Work instruction - Would you retype exactly the lines below, starting with the one that has "Apple iPhone 12 128 GB White" and going on through the one that has "2 person meeting pod", with no pictures and nothing else?

Data in this exercise -
********************
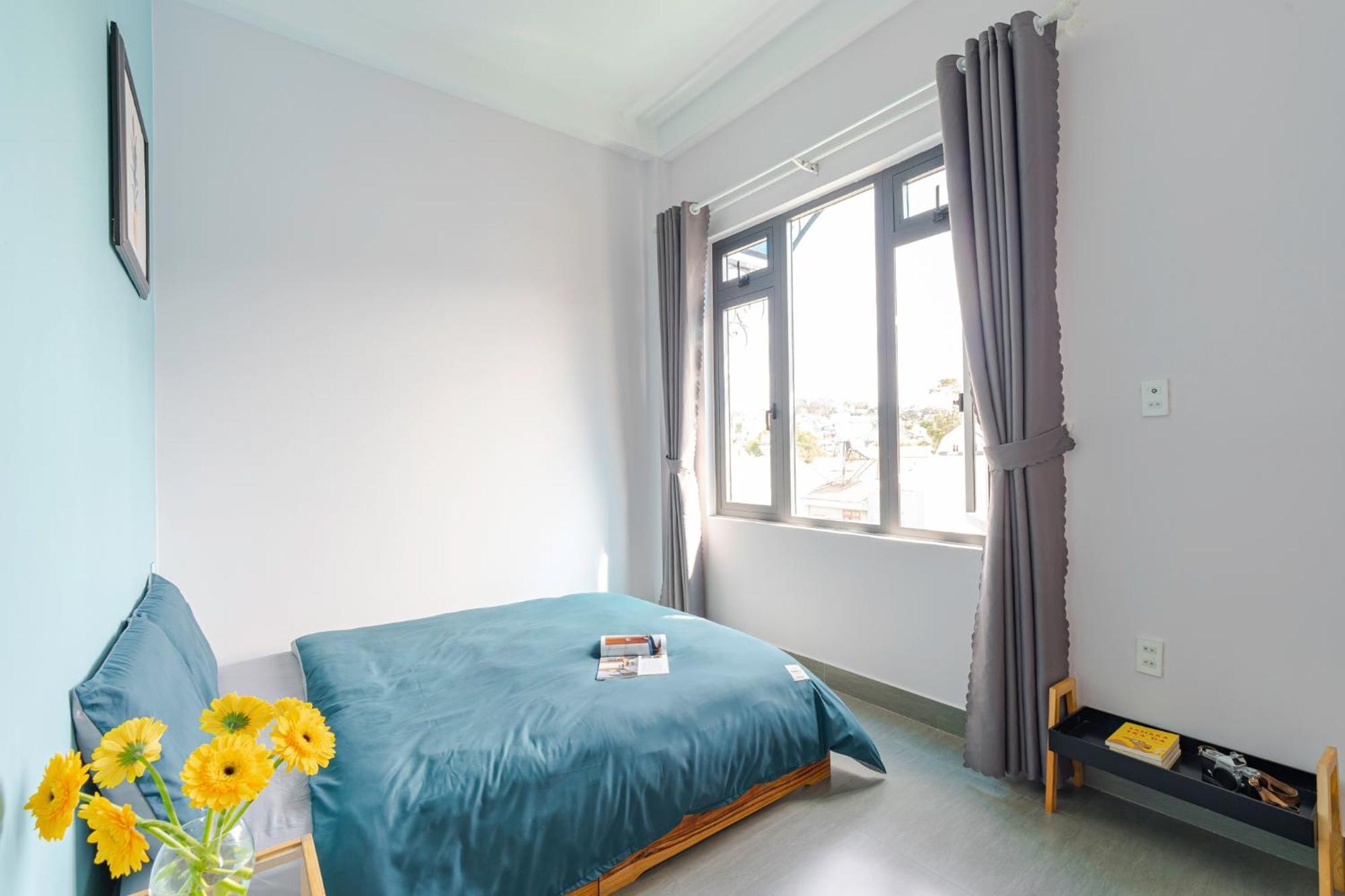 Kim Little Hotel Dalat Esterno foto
********************
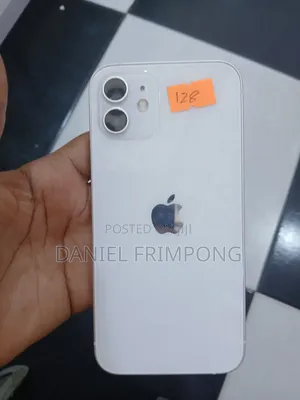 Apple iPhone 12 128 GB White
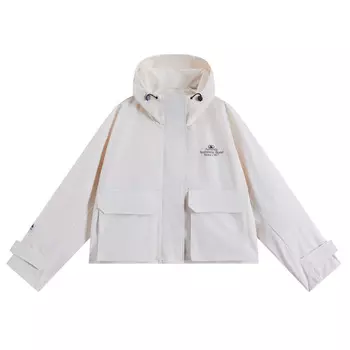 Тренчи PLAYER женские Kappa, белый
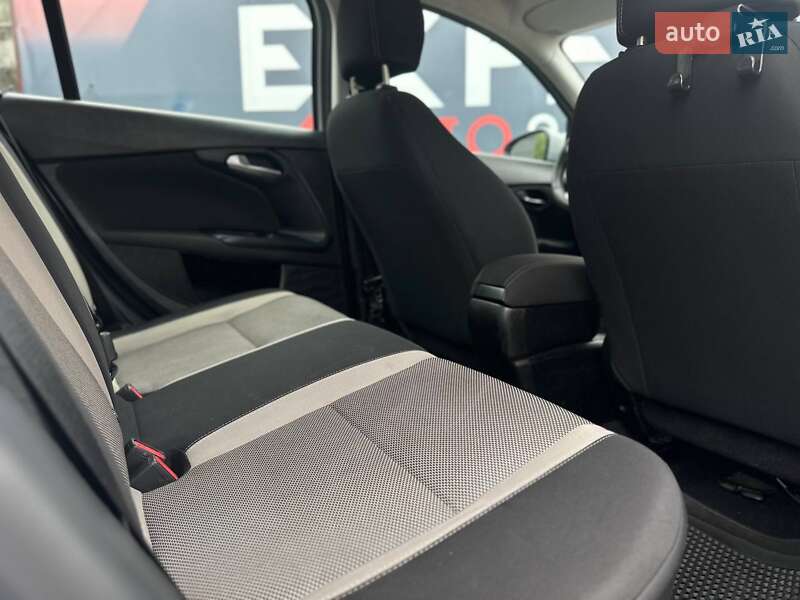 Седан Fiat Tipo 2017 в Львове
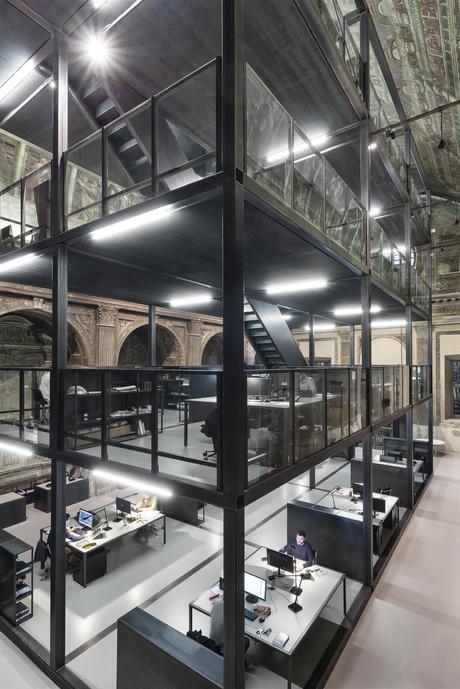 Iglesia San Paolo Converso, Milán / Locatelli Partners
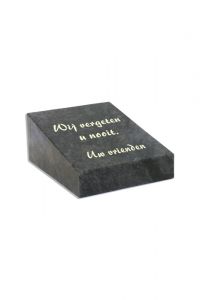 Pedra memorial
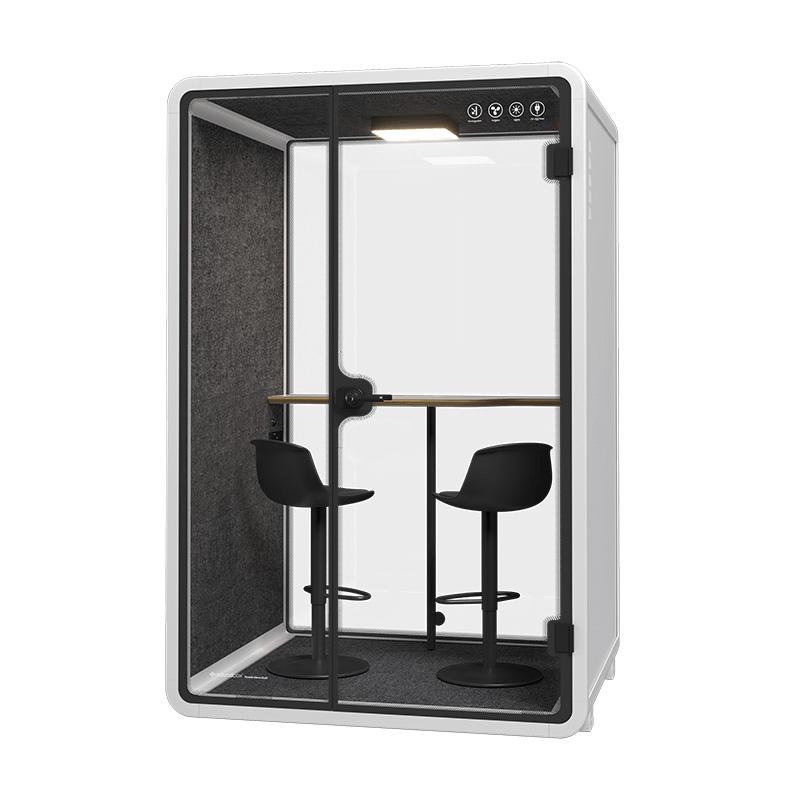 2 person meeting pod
********************
Output for this exercise -
 Apple iPhone 12 128 GB White
 Тренчи PLAYER женские Kappa, белый
 Седан Fiat Tipo 2017 в Львове
 Iglesia San Paolo Converso, Milán / Locatelli Partners
 Pedra memorial
 2 person meeting pod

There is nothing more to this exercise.